From mboxrd@z Thu Jan  1 00:00:00 1970
Return-path: <linux-wireless-owner@vger.kernel.org>
Received: from mail-bw0-f46.google.com ([209.85.214.46]:61574 "EHLO
	mail-bw0-f46.google.com" rhost-flags-OK-OK-OK-OK) by vger.kernel.org
	with ESMTP id S1753156Ab1BPXJA convert rfc822-to-8bit (ORCPT
	<rfc822;linux-wireless@vger.kernel.org>);
	Wed, 16 Feb 2011 18:09:00 -0500
Received: by bwz15 with SMTP id 15so1149554bwz.19
        for <linux-wireless@vger.kernel.org>; Wed, 16 Feb 2011 15:08:59 -0800 (PST)
MIME-Version: 1.0
In-Reply-To: <20110216155011.GC10287@tuxdriver.com>
References: <1297619803-2832-1-git-send-email-njs@pobox.com>
	<20110216155011.GC10287@tuxdriver.com>
Date: Wed, 16 Feb 2011 15:08:58 -0800
Message-ID: <AANLkTimJcGr=L6scJotzKeL+2AEvbHBRi16fo1MpqFJ3@mail.gmail.com>
Subject: Re: [PATCH 0/5] iwlwifi: Auto-tune tx queue size to maintain latency
 under load
From: Nathaniel Smith <njs@pobox.com>
To: "John W. Linville" <linville@tuxdriver.com>
Cc: linux-wireless@vger.kernel.org, wey-yi.w.guy@intel.com,
	ilw@linux.intel.com
Content-Type: text/plain; charset=UTF-8
Sender: linux-wireless-owner@vger.kernel.org
List-ID: <linux-wireless.vger.kernel.org>

On Wed, Feb 16, 2011 at 7:50 AM, John W. Linville
<linville@tuxdriver.com> wrote:
> On Sun, Feb 13, 2011 at 09:56:37AM -0800, Nathaniel J. Smith wrote:
>
>> This patch series teaches the driver to measure the average rate of
>> packet transmission for each tx queue, and adjusts the queue size
>> dynamically in an attempt to achieve ~2 ms of added latency.
>
> How did you pick this number?  Is there research to support this as
> the correct target for link latency?

I'm not aware of any such research, no.

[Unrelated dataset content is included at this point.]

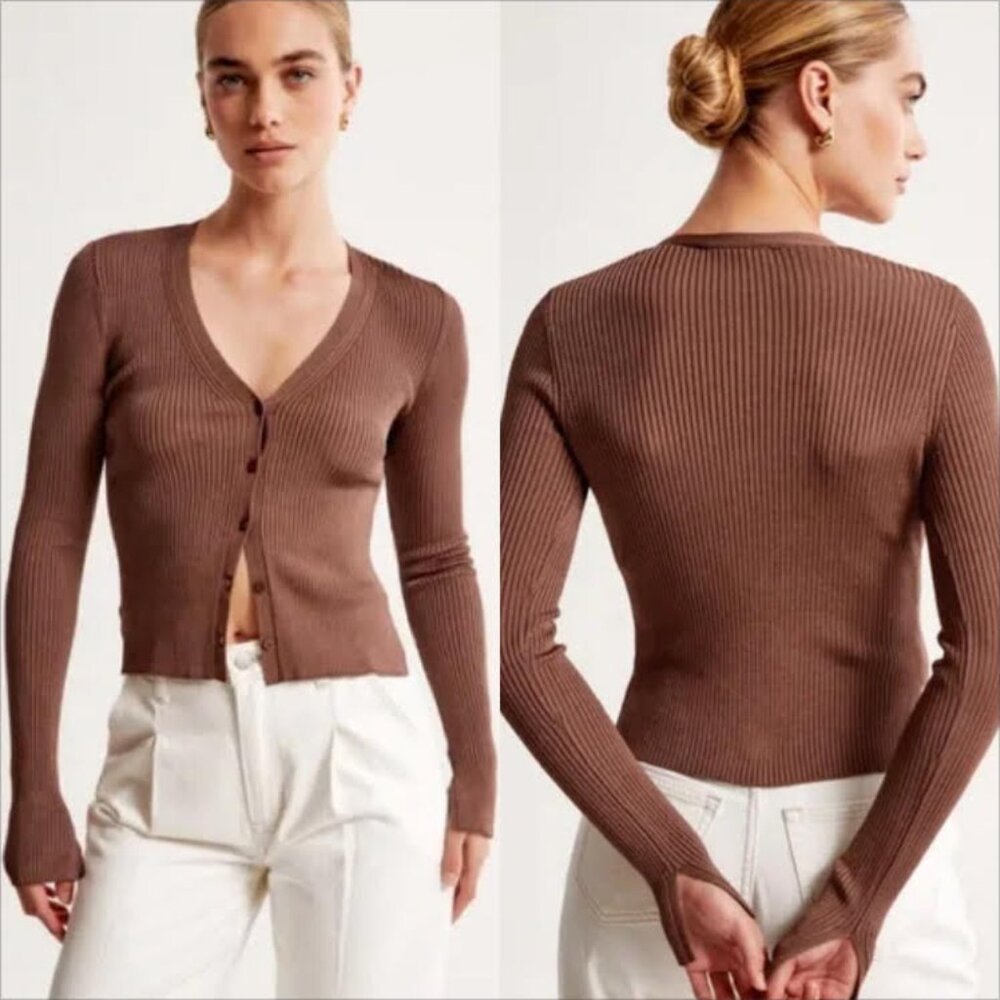 Abercrombie Glossy Slim Cardigan Size M Womans Brown Ribbed V-neck Long Sleeve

My reasoning is that in this
scheme the ideal latency is based on the kernel's scheduling
promptness -- at some moment t0 the hardware sends the packet that
drops us below our low water mark, and then it takes some time for the
kernel to be informed of this fact, for the driver's tasklet to be
scheduled, the TX queue to be restarted, and for packets to get loaded
into it, so that eventually at time t1 the queue is refilled. To
maintain throughput, we want the queue length to be such that all this
can be accomplished before the queue drains completely; to maintain
latency, we want it to be no longer than necessary.

So the ideal latency for the TX queue is whatever number L is, say,
95% of the time, greater than (t1 - t0). Note that this is
specifically for the driver queue, whose job is just to couple the
"real" queue to the hardware; the "real" queue should be larger and
smarter to properly handle bursty behavior and such.

I made up "2 ms" out of thin air as a number that seemed plausible to
me, and because I don't know how to measure the real number L. Ideally
we'd measure it on the fly, since it surely varies somewhat between
machines. Maybe someone else has a better idea how to do this?

The queue refill process for iwl3945 looks like:
  1) hardware transmits a packet, sends a tx notification to the driver
  2) iwl_isr_legacy receives the interrupt, and tasklet_schedule()s
the irq tasklet
  3) iwl3945_irq_tasklet runs, and eventually from
iwl3945_tx_queue_reclaim we wake the queue
  4) Waking the queue raises a softirq (netif_wake_subqueue -> __netif_schedule)
  5) The softirq runs, and, if there are packets queued, eventually
calls iwl3945_tx_skb

So IIUC there are actually two trips through the scheduler -- between
(2) and (3), and between (4) and (5). I assume that these are the only
sources of significant latency, so our goal is to measure the time
elapsed from (2) to (5).

Complications: (a) In the ISR, I'm not sure we have access to a
reliable realtime clock. (b) If there aren't any packets queued and
waiting, then we'll never get called in step (5).

The best bet -- assuming access to the clock from the interrupt
handler -- might be to measure the time from iwl_isr_legacy being
called to the tasklet being scheduled, and then multiply that by 2 + a
fudge factor.

-- Nathaniel